Ten whole-genome sequences were obtained for each of the tame, aggressive (Figures. S10-S11) and conventional farm-bred fox populations (34) at 25x coverage per population, allowing independent cross-validation of allele frequency changes. Overall, the SNP allele-frequency changes were significantly correlated (Spearman correlation coefficient ρ = 0.73, q-value < 0.01) between our RNA-seq and these whole-genome sequences (Figure S9B). SorCS1, a transporter important for trafficking AMPA glutamate receptors to the cell surface, is one of the QTL positional candidate genes with decreased heterozygosity and increased divergence between populations which was identified in the analysis of re-sequenced genomes (34). Six SorCS1 coding SNPs are among the 295 SNPs with significant tame vs. aggressive allele frequency difference, including the third most significant SNP in the list (Table S6), highlighting the consistency of allele frequency divergence. Despite the consistent allele frequency change that occurred in SorCS1 due to selection, no change in expression level was detected.
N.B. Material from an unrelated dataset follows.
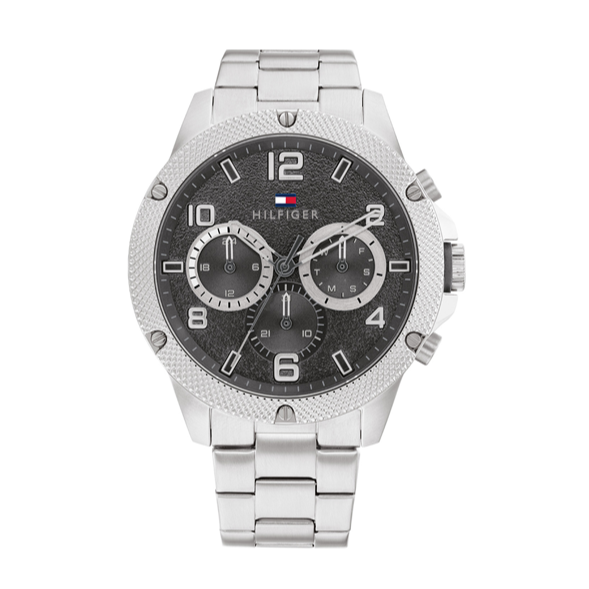  Shop Authentic Tommy Hilfiger Blaze Chronograph Black Dial Silver Steel Strap Watch For Men - 1792029 - Luxxuri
One of the 168 genes having a significant SNP frequency change is GRM3, the metabotropic glutamate receptor 3. This glutamate receptor is shown to be associated with schizophrenia, bipolar, mood disorders and delayed sexual maturity in human studies (35, 36). In our exonic SNP data, GRM3 has a C to G change causing a Threonine-to-Serine missense mutation (T52S) in the coding region, with 100% C in the aggressive foxes and a C frequency of only 30% in the tame foxes (P-value = 4 x 10-7 and adjusted P-value < 0.01; Figure 3C). The altered amino acid is in the extracellular region near the glutamate binding site, which might affect the binding affinity (Figure 3D). The allele frequencies were validated in independently selected tame, aggressive and unselected individuals (Figure 3E and Figures S10-S11). The tame allele (G) is missing in both aggressive and unselected foxes. Evolutionarily the ligand binding region is highly conserved, with all genome-sequenced mammals and chicken having the C allele (Figure 3F). The increased G allele frequency might be the direct response to the artificial selection for tameness in the farm fox experiment.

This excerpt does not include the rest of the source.